- **Task details**
Only the pictures should be left out; repeat the rest of the data exactly.

- **Collected data**
========================

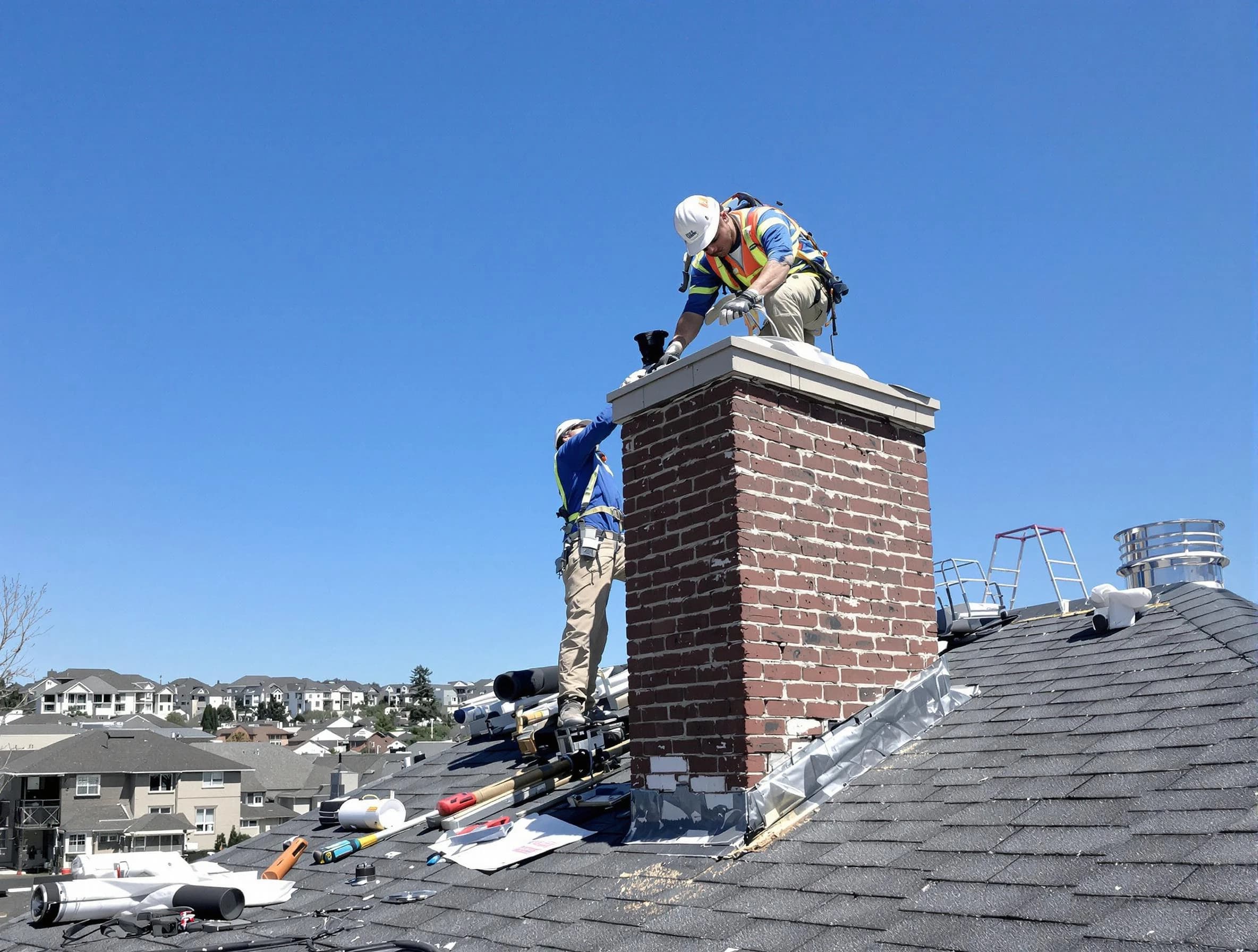 Linden Chimney Sweep repairing a chimney crown in Linden, NJ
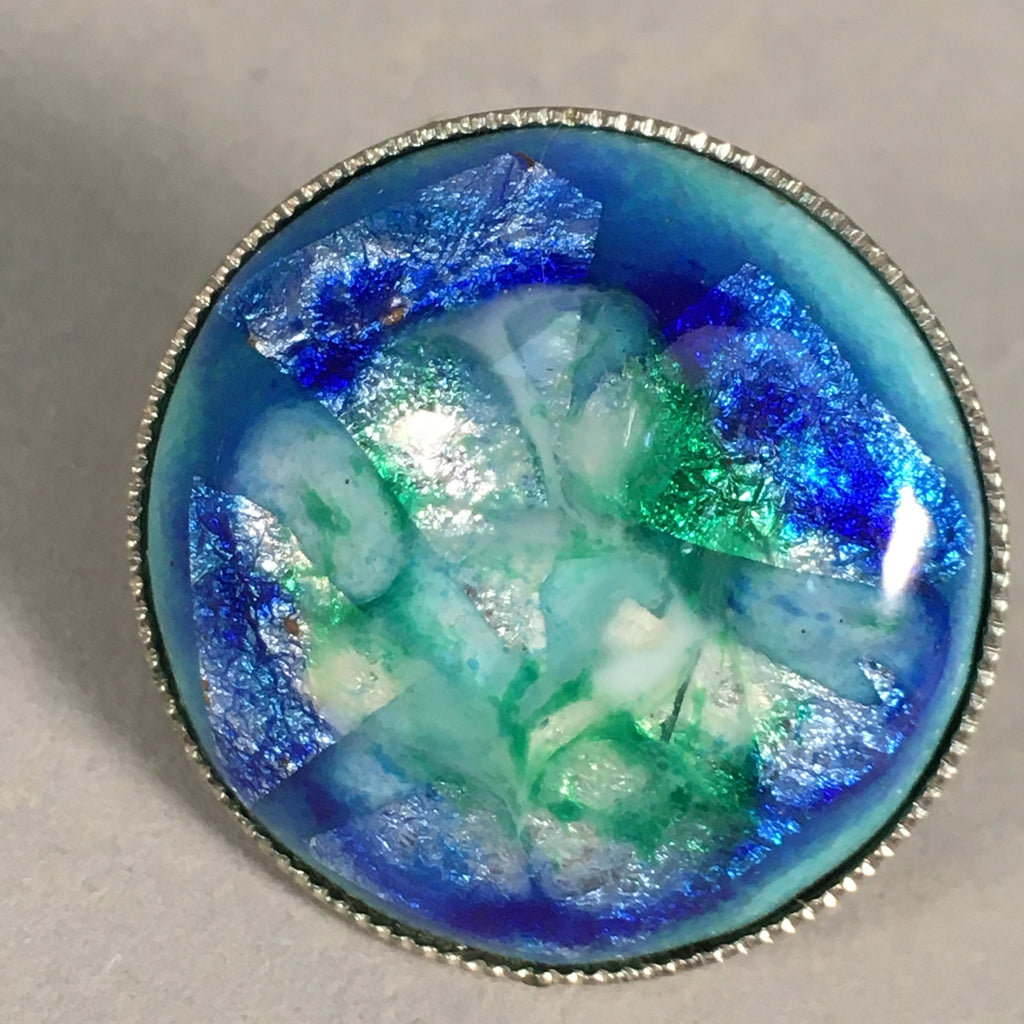 Japanese Cloisonne Earrings Vtg Metal Glass Shippo Round Blue Green White JK77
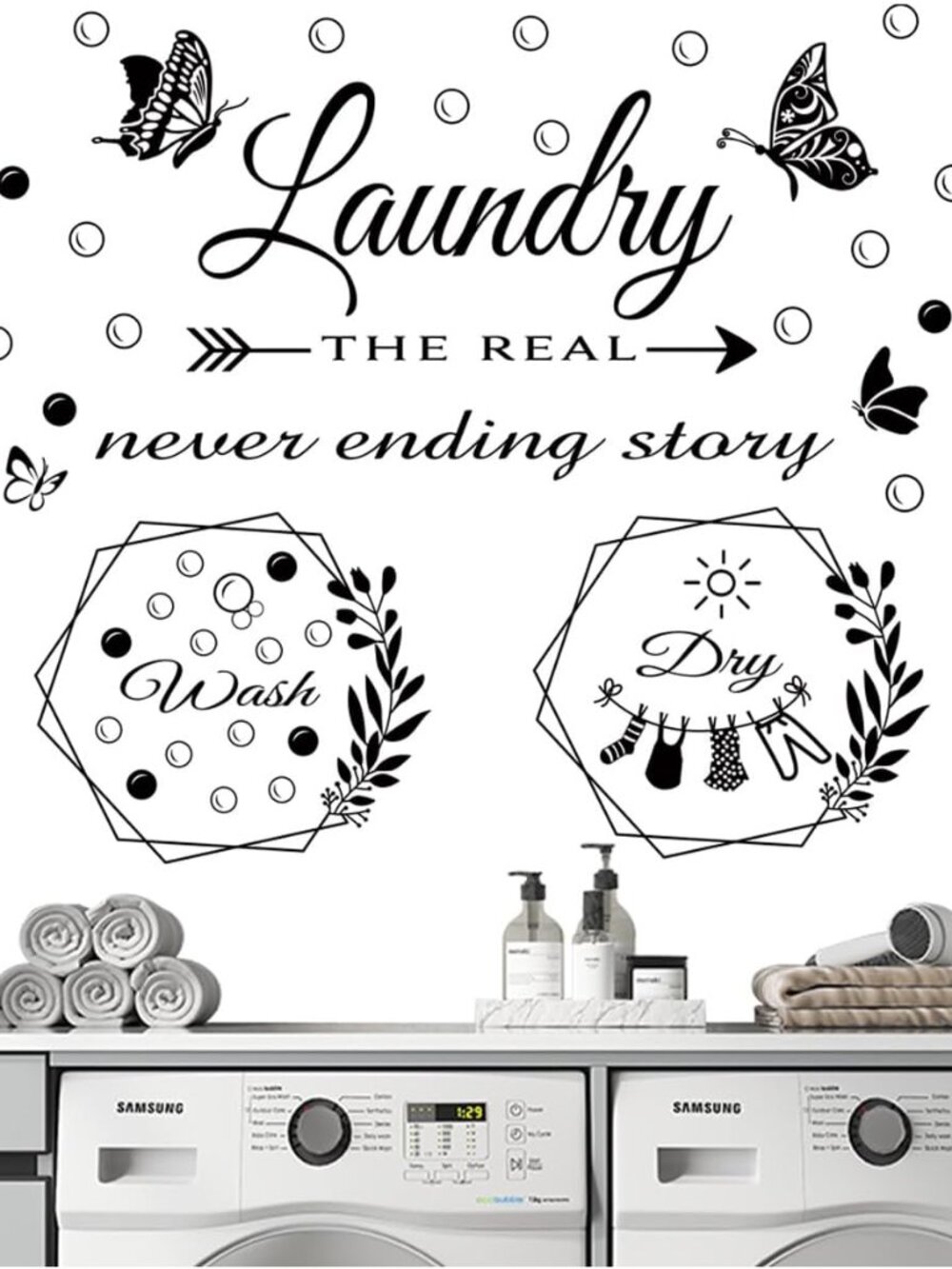 2 Sheets Laundry Room Wall Decals Wash Dry Laundry Wall Stickers Vinyl Wall Deca
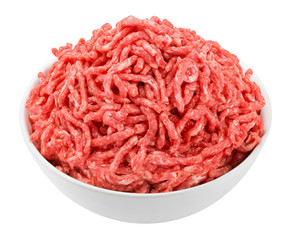 minced meat, pork, beef, forcemeat, clipping path, isolated on white background, full depth of field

========================

- **Task output**
 Linden Chimney Sweep repairing a chimney crown in Linden, NJ
 Japanese Cloisonne Earrings Vtg Metal Glass Shippo Round Blue Green White JK77
 2 Sheets Laundry Room Wall Decals Wash Dry Laundry Wall Stickers Vinyl Wall Deca
 minced meat, pork, beef, forcemeat, clipping path, isolated on white background, full depth of field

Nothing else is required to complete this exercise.